Date: Wednesday, July 9th, 2008 01:19 pm (UTC)
From: [identity profile] purplecthulhu.livejournal.com
This seems entirely consistent with what a friend and potential YA author has to say about the US publishing market where the presence of one instance of 'fuck' can get your book banned.

I'm told the UK is nowhere near as bad.

Date: Wednesday, July 9th, 2008 01:21 pm (UTC)
From: [identity profile] secretrebel.livejournal.com
It depends very much on the publishing company. If the text is considered to have great artistic merit and/or a chance at high sales then it wouldn't be a problem. But plenty of booksellers will balk at this sort of content and writers are often under pressure to remove it.

I've been asked to remove references to underage drinking, drug use and smoking from my books by a UK publisher.

Date: Wednesday, July 9th, 2008 01:53 pm (UTC)
From: [identity profile] seph-hazard.livejournal.com
This sort of thing tends to want to make me explode in incoherent rage. I hate it when They try to do the same things to books that they do to films and TV and advertising.

Date: Wednesday, July 9th, 2008 02:23 pm (UTC)
From: [personal profile] andrewducker
I'm the other way round - I hate it when they do to TV and films what they don't do to books :->

Date: Wednesday, July 9th, 2008 05:39 pm (UTC)
From: [identity profile] surliminal.livejournal.com
heh:) we're such pre literates aren't we?

Date: Wednesday, July 9th, 2008 02:57 pm (UTC)
From: [identity profile] fjm.livejournal.com
She needs to write something neutral and then she will stand a chance of getting it accepted.

Date: Wednesday, July 9th, 2008 03:47 pm (UTC)
From: [identity profile] tamaranth.livejournal.com
She's already had a novel accepted by the same publisher (which, come to think of it, also features underage drinking and nicotine abuse!) -- hence surprise that they didn't want to touch her second with a bargepole.

Date: Wednesday, July 9th, 2008 09:44 pm (UTC)
From: [identity profile] realthog.livejournal.com

New editor at the publishers?
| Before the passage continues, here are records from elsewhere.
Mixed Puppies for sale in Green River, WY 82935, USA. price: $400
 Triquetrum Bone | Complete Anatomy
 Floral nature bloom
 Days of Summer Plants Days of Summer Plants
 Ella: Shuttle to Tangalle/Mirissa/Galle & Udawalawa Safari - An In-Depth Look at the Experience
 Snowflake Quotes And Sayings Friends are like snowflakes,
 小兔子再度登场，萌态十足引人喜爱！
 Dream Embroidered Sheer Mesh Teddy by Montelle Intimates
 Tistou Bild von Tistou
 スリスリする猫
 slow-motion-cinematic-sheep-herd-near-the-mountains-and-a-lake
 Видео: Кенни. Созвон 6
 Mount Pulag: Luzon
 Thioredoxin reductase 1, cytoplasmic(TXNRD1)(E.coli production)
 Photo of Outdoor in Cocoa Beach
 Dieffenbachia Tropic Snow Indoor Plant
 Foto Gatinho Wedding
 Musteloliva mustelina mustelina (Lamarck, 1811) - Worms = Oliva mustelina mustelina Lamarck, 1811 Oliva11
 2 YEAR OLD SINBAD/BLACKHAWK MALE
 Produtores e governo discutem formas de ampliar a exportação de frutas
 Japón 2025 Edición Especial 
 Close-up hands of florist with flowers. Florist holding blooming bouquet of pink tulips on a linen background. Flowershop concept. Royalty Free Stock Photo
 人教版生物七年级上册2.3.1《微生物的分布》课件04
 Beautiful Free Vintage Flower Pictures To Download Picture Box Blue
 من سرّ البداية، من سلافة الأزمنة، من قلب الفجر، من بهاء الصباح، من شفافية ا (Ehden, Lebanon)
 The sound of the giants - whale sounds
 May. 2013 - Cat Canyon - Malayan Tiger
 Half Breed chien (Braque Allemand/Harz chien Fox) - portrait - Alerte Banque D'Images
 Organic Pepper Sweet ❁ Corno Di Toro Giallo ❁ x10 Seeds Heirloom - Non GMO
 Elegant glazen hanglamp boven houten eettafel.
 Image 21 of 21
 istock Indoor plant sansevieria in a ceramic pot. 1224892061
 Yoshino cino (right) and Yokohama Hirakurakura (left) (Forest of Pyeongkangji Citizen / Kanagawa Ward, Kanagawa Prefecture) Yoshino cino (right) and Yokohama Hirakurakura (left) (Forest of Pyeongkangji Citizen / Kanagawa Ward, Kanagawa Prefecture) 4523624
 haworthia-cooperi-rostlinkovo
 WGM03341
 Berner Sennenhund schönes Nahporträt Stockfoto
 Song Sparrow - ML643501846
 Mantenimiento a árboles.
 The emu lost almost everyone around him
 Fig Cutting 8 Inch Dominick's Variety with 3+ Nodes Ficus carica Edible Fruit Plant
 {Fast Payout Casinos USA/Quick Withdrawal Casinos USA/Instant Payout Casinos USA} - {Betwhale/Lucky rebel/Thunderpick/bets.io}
Otherwise it does seem odd, as you say -- unless they just thought the second was a stinker and were trying cackhandedly to make tactful excuses.

Date: Wednesday, July 9th, 2008 03:17 pm (UTC)
From: [identity profile] ajshepherd.livejournal.com
I suspect it may not be so much conservatism as fear of being sued for some pea-brained idiot who doesn't want their kids reading about that sort of thing.